WHAT IS REQUIRED:
Please return the data that follows precisely as written, but without the images.

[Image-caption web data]
______________________________

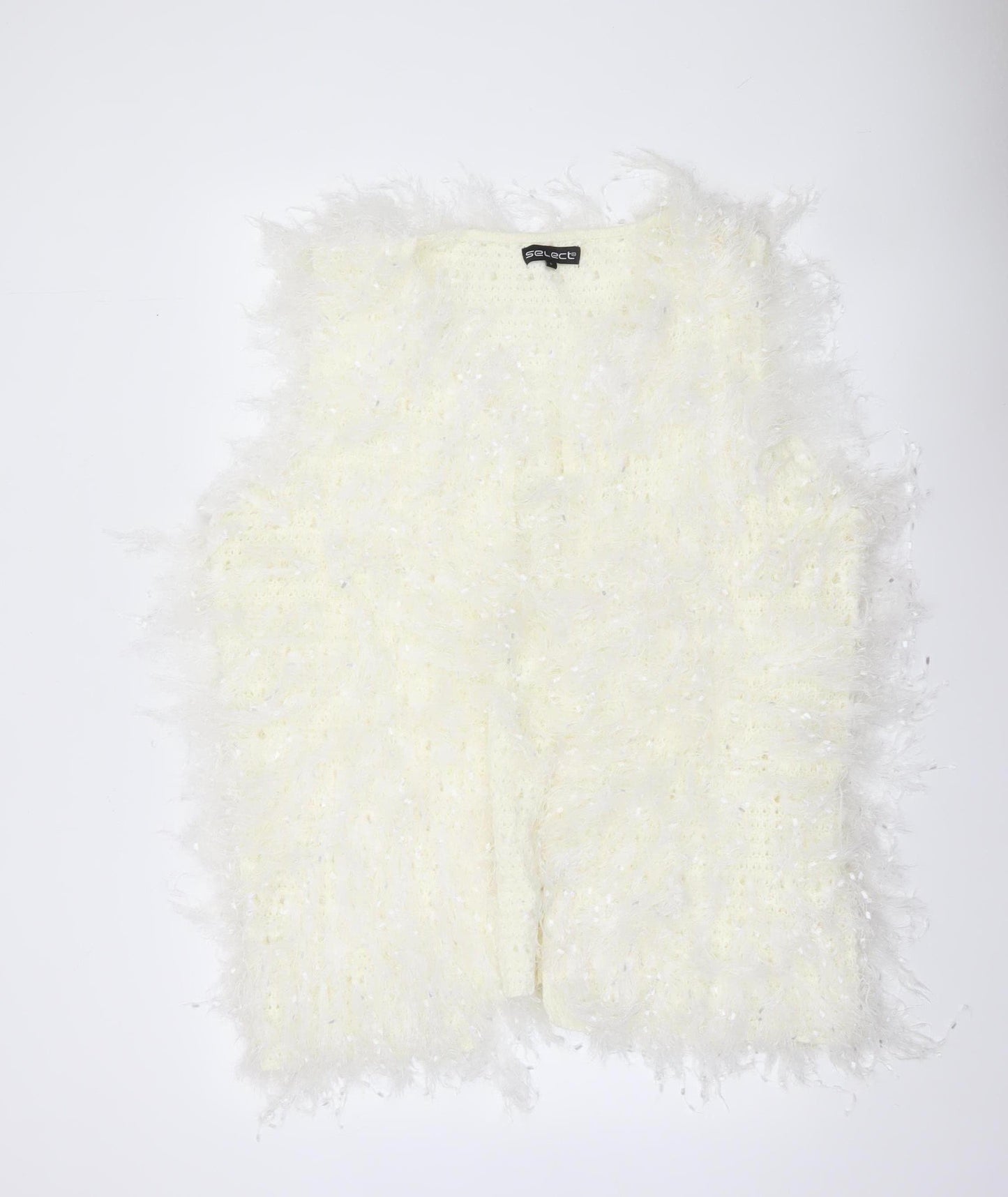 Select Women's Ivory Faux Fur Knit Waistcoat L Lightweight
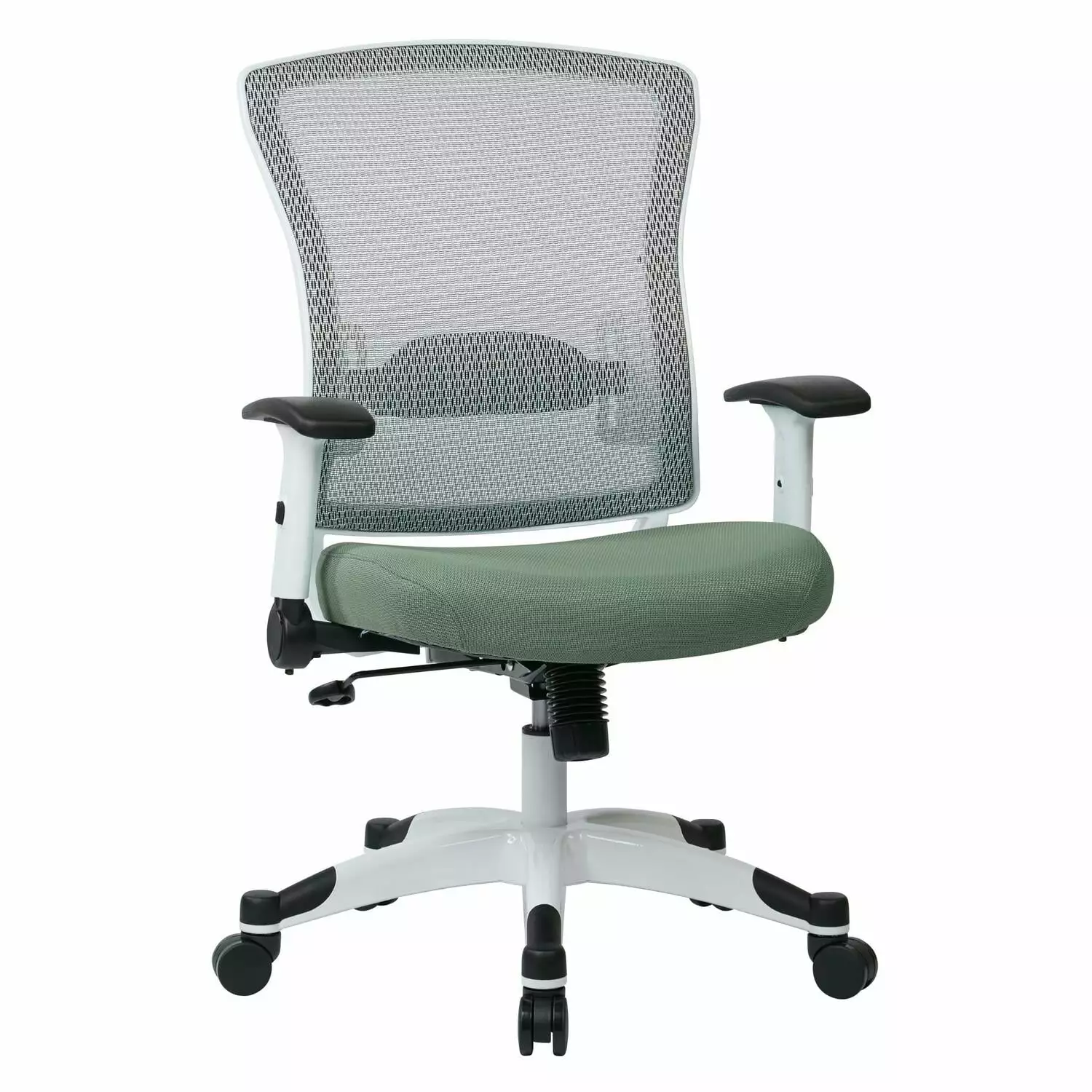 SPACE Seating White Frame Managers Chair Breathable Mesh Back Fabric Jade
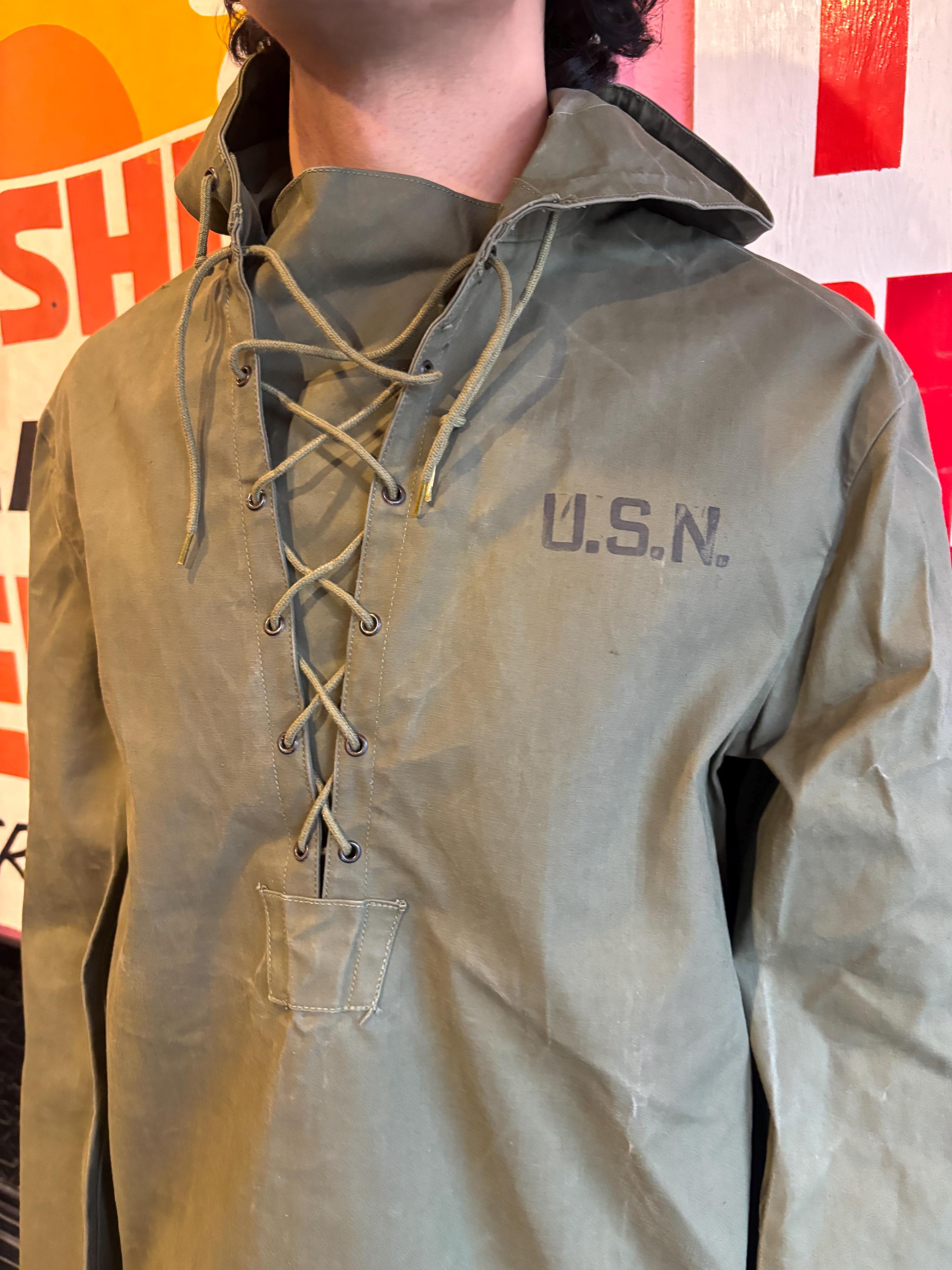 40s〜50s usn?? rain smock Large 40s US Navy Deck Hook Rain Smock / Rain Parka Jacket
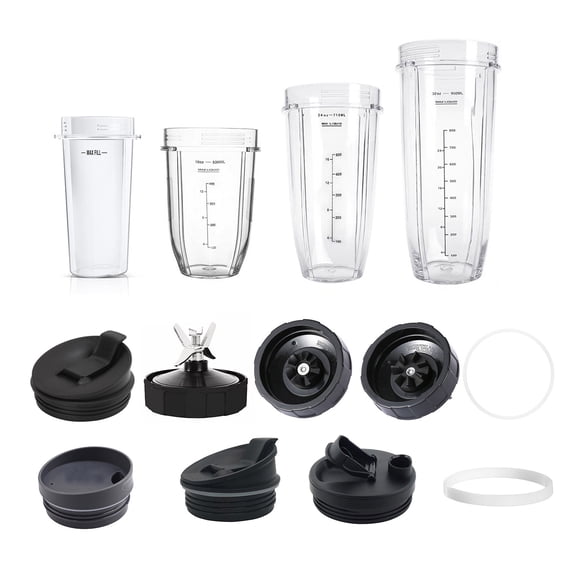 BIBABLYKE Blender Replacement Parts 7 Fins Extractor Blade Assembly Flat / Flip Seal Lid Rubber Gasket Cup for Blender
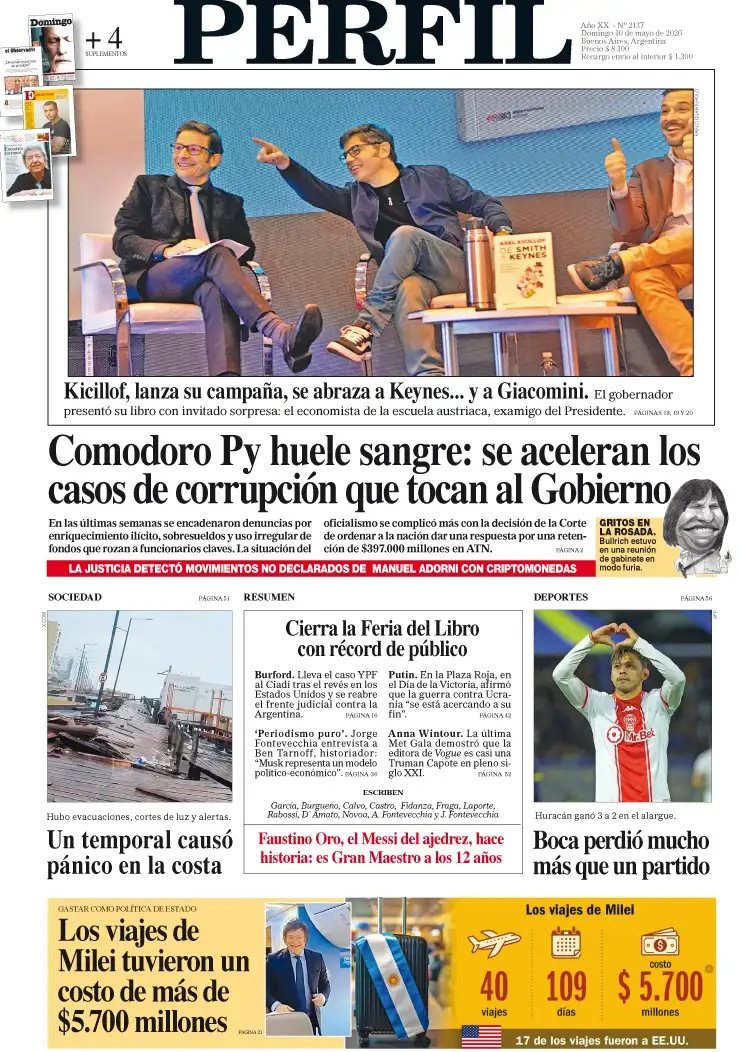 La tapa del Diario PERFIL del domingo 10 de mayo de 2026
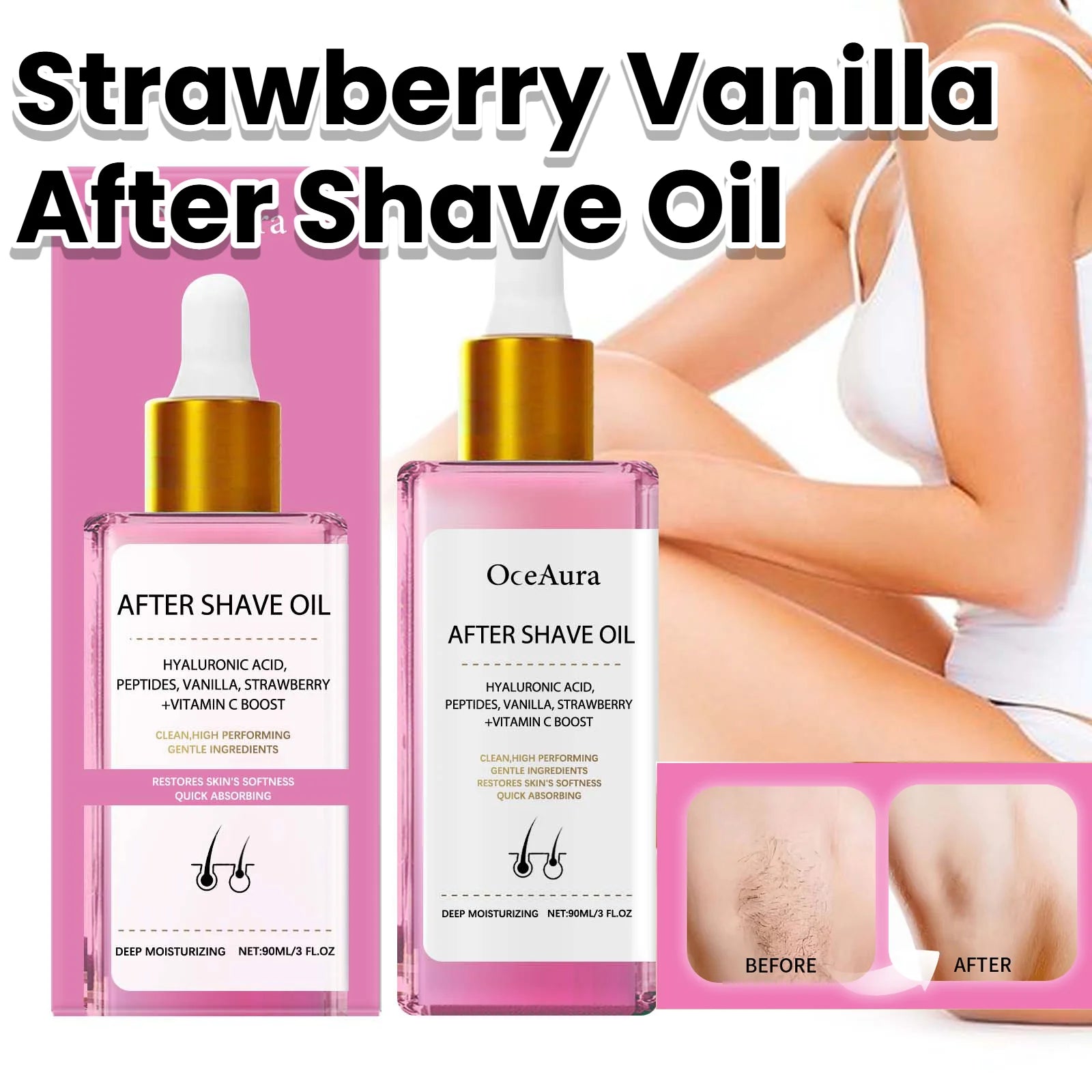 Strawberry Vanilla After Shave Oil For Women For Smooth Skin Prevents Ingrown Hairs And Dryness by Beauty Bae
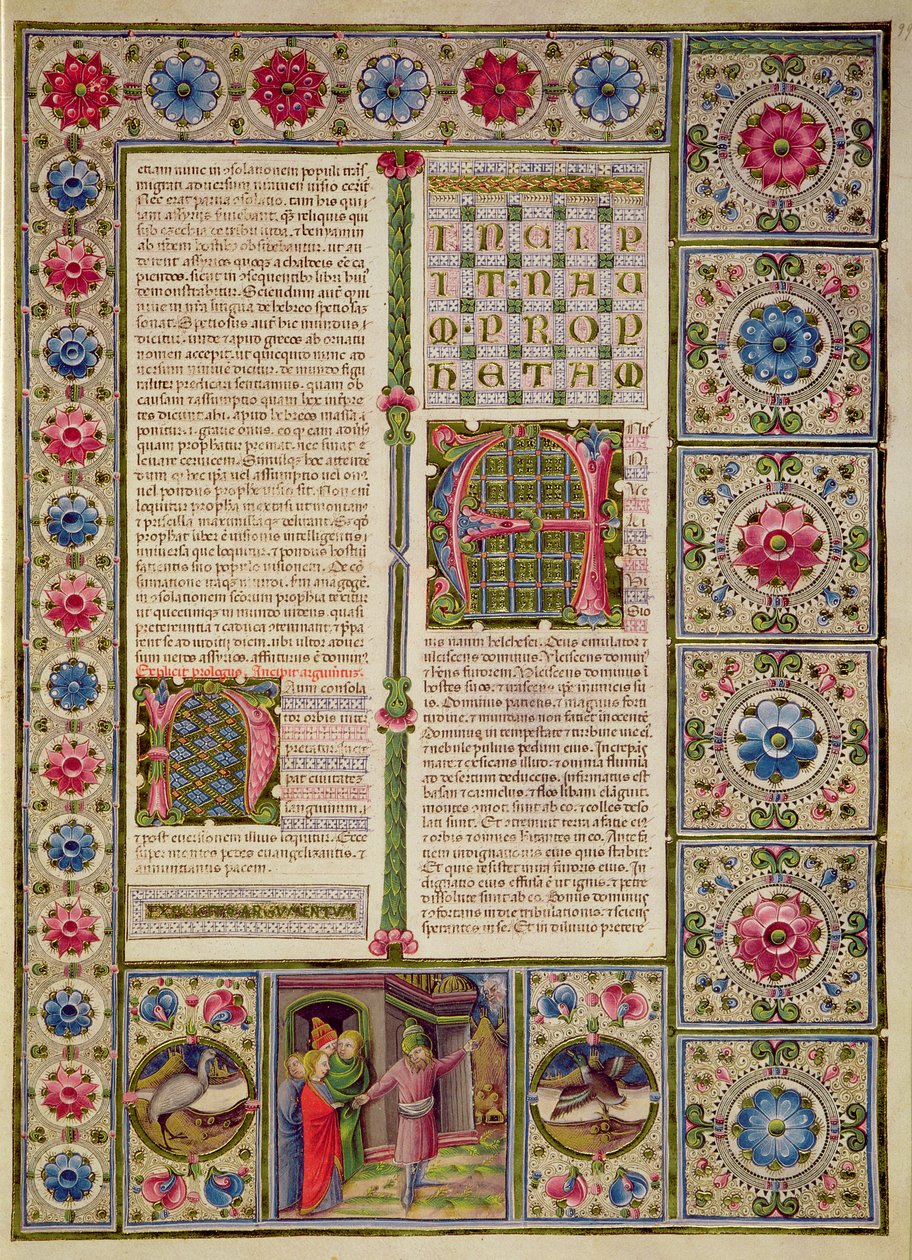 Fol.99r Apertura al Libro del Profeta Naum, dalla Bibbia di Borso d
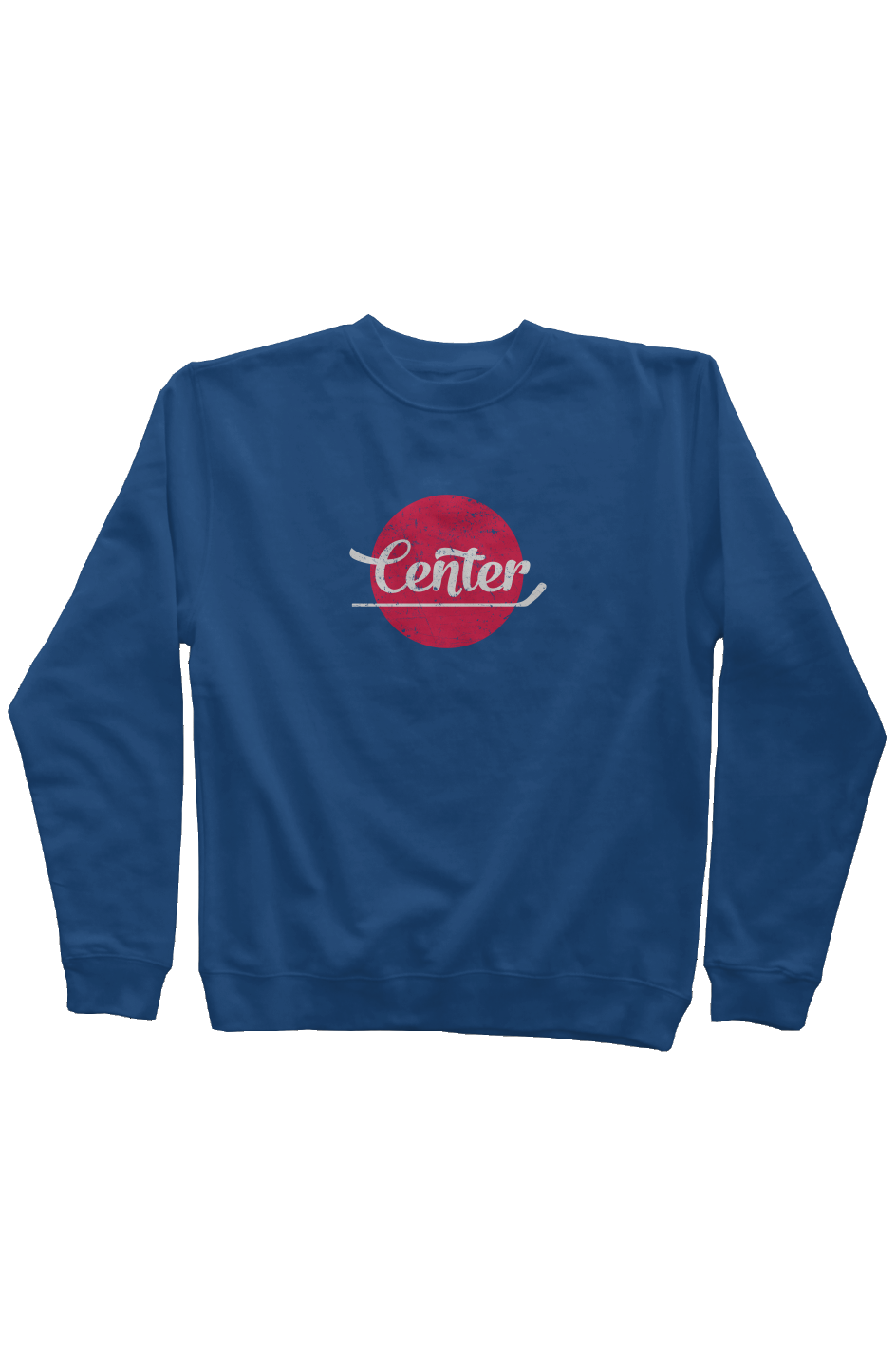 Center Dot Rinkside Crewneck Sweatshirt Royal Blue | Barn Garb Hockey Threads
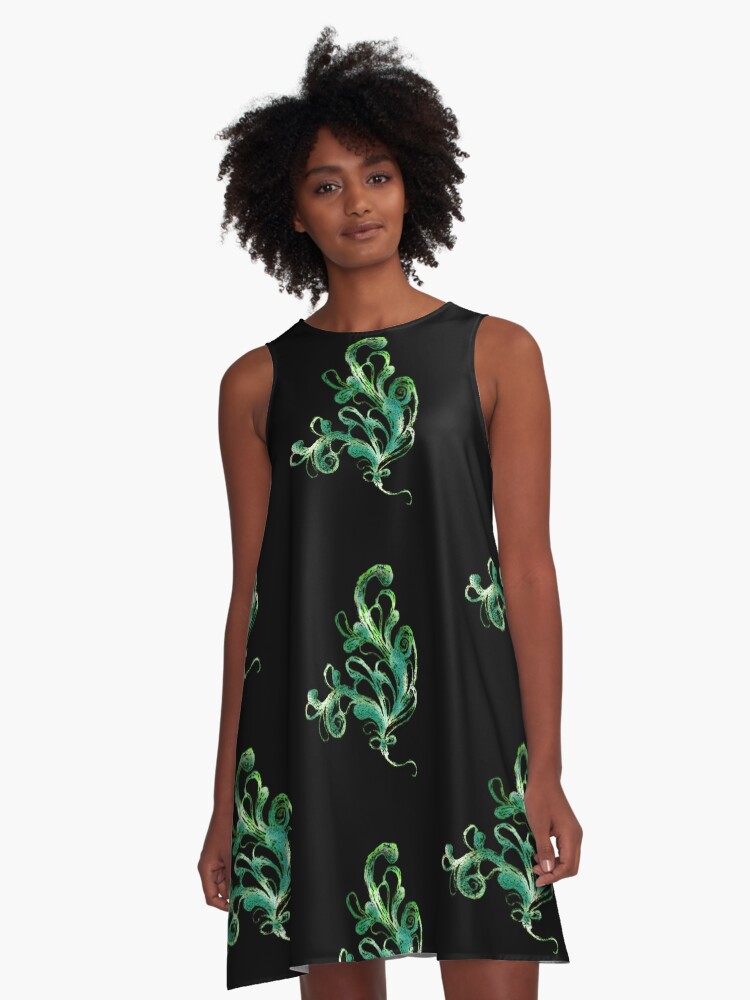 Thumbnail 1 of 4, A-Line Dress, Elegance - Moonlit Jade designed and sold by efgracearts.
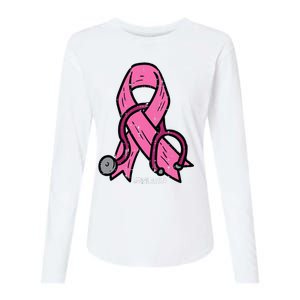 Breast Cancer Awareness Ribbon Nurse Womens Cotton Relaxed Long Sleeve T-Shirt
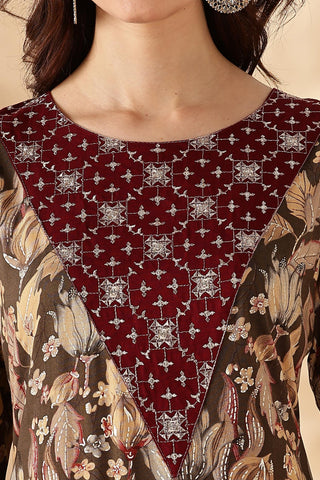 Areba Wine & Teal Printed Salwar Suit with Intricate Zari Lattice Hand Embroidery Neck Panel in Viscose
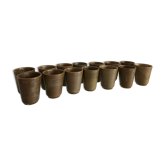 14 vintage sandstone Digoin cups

______________________________

EXERCISE SOLUTION:
 Select Women's Ivory Faux Fur Knit Waistcoat L Lightweight
 SPACE Seating White Frame Managers Chair Breathable Mesh Back Fabric Jade
 40s〜50s usn?? rain smock Large 40s US Navy Deck Hook Rain Smock / Rain Parka Jacket
 BIBABLYKE Blender Replacement Parts 7 Fins Extractor Blade Assembly Flat / Flip Seal Lid Rubber Gasket Cup for Blender
 La tapa del Diario PERFIL del domingo 10 de mayo de 2026
 Strawberry Vanilla After Shave Oil For Women For Smooth Skin Prevents Ingrown Hairs And Dryness by Beauty Bae
 Fol.99r Apertura al Libro del Profeta Naum, dalla Bibbia di Borso d
 Center Dot Rinkside Crewneck Sweatshirt Royal Blue | Barn Garb Hockey Threads
 Thumbnail 1 of 4, A-Line Dress, Elegance - Moonlit Jade designed and sold by efgracearts.
 Breast Cancer Awareness Ribbon Nurse Womens Cotton Relaxed Long Sleeve T-Shirt
 Areba Wine & Teal Printed Salwar Suit with Intricate Zari Lattice Hand Embroidery Neck Panel in Viscose
 14 vintage sandstone Digoin cups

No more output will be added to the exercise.